## Your objective
Leave the pictures out and restate every line below exactly.

## Information supplied
++++++++
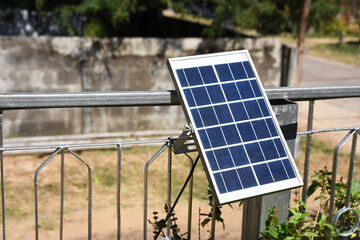 Solar panel on steel fence . solar energy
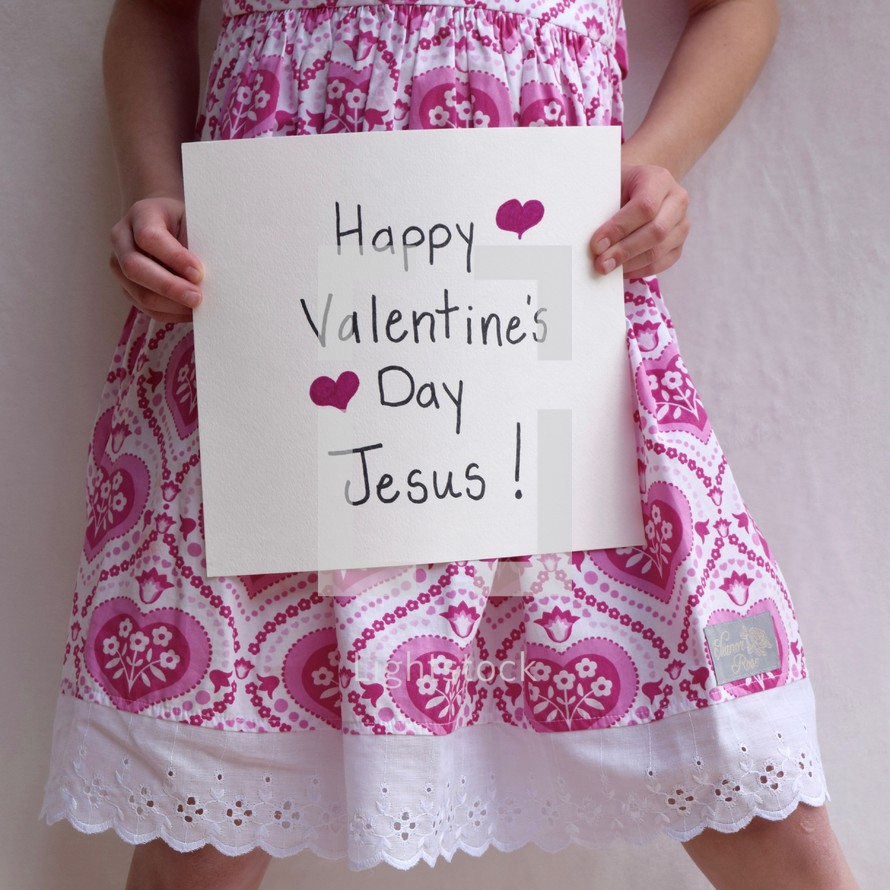 A little girl holding up a sign that reads Happy Valentine's day Jesus 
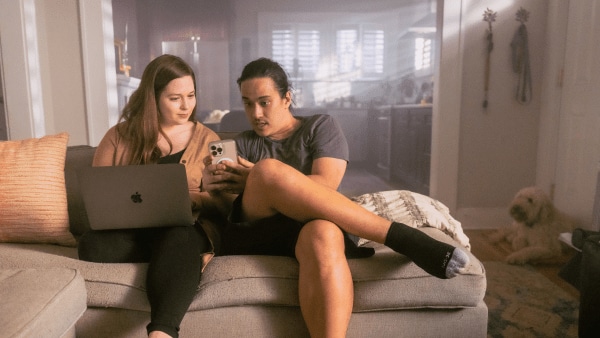 A woman and man sit on the couch with an open laptop while looking a a phone.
++++++++
## Result for this task
 Solar panel on steel fence . solar energy
 A little girl holding up a sign that reads Happy Valentine's day Jesus 
 A woman and man sit on the couch with an open laptop while looking a a phone.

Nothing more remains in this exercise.